Jill's uncle Michael McKeon, who lives in the town, said she would be remembered as "very bubbly and very outgoing".
"Every place she worked she was promoted because she was so valued as a work colleague."
He added: "The town in Drogheda has come together. We (family) have been in the town a long time.
"My father had a pub on Laurence Street and there is a lot of support coming in, people calling to the house. "We have had a lot of support through the media as well and social media.
"We would ask people to be restrained (on social media) because there is a court case in relation to this.
"It's a time you don't expect to experience. We are finding it difficult to cope with. We are finding it difficult to understand how a parent could lose their child. You don't expect to bury a child . . . you just don't expect to do that."
Mr McKeon said funeral arrangements had not been finalised but if Jill's final resting place was in Australia there would also be a service in Drogheda.
In the Laurence Town shopping centre around 400 people an hour were signing books of condolence.
"We want her family to know that we are thinking of them and praying for them. It is nearly personal for me because I have a daughter who lives in Australia. For a mother, the loss of a child must be the hardest thing," said local woman Grace McBride after signing.

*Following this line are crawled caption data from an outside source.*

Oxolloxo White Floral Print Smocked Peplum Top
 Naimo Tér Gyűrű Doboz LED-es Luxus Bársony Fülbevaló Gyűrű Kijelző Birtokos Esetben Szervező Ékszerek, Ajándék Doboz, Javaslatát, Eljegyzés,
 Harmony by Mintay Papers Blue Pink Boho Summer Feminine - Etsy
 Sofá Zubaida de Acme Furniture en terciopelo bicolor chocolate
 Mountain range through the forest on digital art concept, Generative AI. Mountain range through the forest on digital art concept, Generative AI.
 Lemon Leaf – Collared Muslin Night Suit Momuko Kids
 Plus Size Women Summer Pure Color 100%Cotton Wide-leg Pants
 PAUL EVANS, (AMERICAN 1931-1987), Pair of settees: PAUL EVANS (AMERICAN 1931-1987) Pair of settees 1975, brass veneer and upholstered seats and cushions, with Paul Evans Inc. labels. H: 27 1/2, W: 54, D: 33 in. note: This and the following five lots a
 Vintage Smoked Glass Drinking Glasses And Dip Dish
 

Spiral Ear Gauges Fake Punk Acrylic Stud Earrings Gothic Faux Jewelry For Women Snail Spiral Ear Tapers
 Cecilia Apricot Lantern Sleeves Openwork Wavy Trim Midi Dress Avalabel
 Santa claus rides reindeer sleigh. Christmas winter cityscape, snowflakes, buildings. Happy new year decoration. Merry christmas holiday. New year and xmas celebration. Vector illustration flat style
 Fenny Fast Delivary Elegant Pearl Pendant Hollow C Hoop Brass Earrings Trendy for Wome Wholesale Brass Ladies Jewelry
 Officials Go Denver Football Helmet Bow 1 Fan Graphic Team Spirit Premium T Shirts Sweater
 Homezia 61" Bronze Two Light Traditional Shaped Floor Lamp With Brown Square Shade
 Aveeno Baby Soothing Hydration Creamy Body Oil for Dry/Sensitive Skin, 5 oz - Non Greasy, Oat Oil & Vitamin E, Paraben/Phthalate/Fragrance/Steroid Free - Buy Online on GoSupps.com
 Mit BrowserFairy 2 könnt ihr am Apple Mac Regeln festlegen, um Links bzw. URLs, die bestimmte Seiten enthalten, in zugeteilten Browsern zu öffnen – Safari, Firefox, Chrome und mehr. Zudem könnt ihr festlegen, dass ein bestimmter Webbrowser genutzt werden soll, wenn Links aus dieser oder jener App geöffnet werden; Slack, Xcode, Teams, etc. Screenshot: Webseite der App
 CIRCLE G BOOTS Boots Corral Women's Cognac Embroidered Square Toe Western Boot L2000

The shopping centre's operations manager, Susan Dunne, said: "We wanted to give them a way to express their sadness and sorrow at the passing of Jill. Everyone in here today has said they felt very sorry for her family and we will pass on the books to them."
Drogheda mayor Paul Bell, also offered his sympathies to Jill's family. "I feel a huge sense of grief and sadness for the loss of a most beautiful human being and can only sympathise with Jill's family in this unbearable pain and shock at the loss."
As a mark of respect the Tricolour outside Drogheda Borough Council offices was at half-mast. Mr Bell will open another book of condolence in the Tholsel building in Drogheda town centre on Monday.